I've got a better one than the petition to save the ABC. We had a group of ladies who baked a cake in the shape of the ABC outside my office. If you want to protest to an MP, that's the way to do it, I've got to say. Don't worry about a placard; bake a cake. They came up to my office and we sat down and we had a conversation, and that's really how it works.

The ABC does play a very important role. The changes that have been made fairly recently are very important to rural MPs. It's essentially put video journalists in its country radio stations. In the past, it used to fly the helicopter out to the country—that was when it did have plenty of money—and often the stories wouldn't quite get told; whereas what's happening now is that our ABC radio journalists are doing video footage, and so the stories of regional Australia are increasingly being seen in the city. I think that's one of the things that is very important in a public broadcaster. A public broadcaster should be bringing people together, and bringing people together is telling the great stories of regional Australia in the cities.
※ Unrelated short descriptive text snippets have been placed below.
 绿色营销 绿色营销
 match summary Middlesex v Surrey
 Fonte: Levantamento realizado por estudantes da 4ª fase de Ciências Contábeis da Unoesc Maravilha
Something I would always advocate for but have not had any success with yet is the good old Country Hour. It is the longest-running radio program with the two most important things being its market report—I've just got to get that on the record—and the weather forecast. But Country Hour isn't broadcast in our capital cities. If we're to gain a greater understanding of the issues of regional Australia in our capital cities, wouldn't it be great to see Country Hour broadcast in our cities?
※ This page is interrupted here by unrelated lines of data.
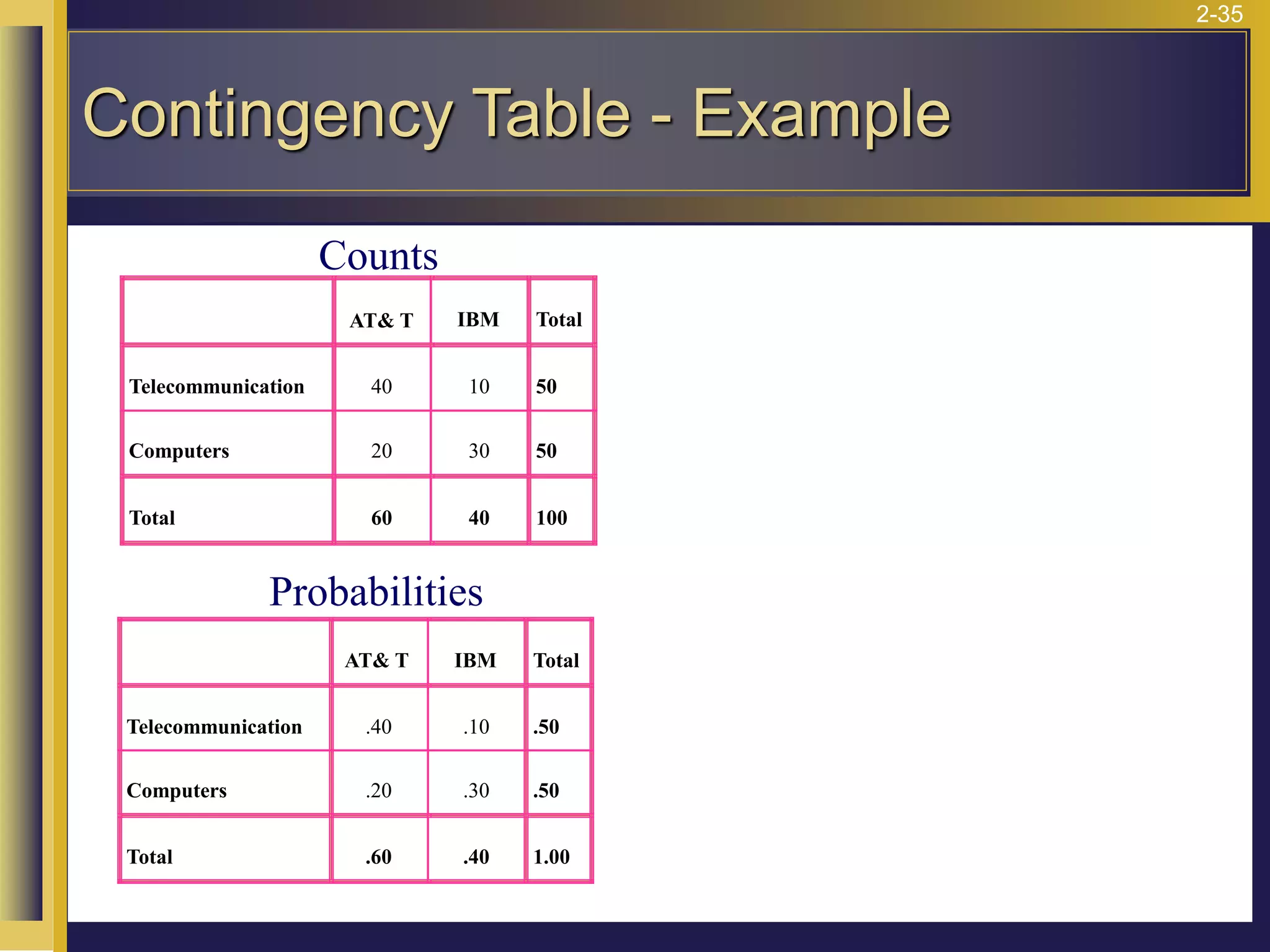 2-35
AT& T IBM Total
Telecommunication 40 10 50
Computers 20 30 50
Total 60 40 100
Counts
AT& T IBM Total
Telecommunication .40 .10 .50
Computers .20 .30 .50
Total .60 .40 1.00
Probabilities
Contingency Table - Example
There is something unique about an Australian broadcaster. It was disappointing to me that, in one of the cuts that were made, the part of the ABC that broadcasts overseas was removed. I think that was a poor step. I've got to say there is a role in talking about what our community does and what our country does and sharing that with other parts of the world. It is true, though, that the very nature of the media is changing. The ABC does need to change. It does need always to look for new efficiencies. I'm reasonably comfortable with the new management and where they're heading, but there are a couple of things that are very important in growing a regional community. One is access to public transport. Another is that there are adequate jobs. There should be educational opportunities for children. The next one is adequate telecommunications. The other is doctors, which is something very important. But the other thing—and Saul Eslake did a study on this—is someone to tell the community's story. That can be a local newspaper, but in so many of our country towns it is our country broadcasters and the ABC. That talkback where people have a conversation and people get a sense of pride in their community is critical for the economic growth of those communities.

I would like to see more ABC staff in the regions; I would like to see fewer in the city. I would like to see more robust discussion perhaps on Q&A—those more regional based audiences when those programs are at their best. People on my patch are so happy with the ABC they're prepared to bake a cake and come to their MP and argue for it. That's the way to effect change.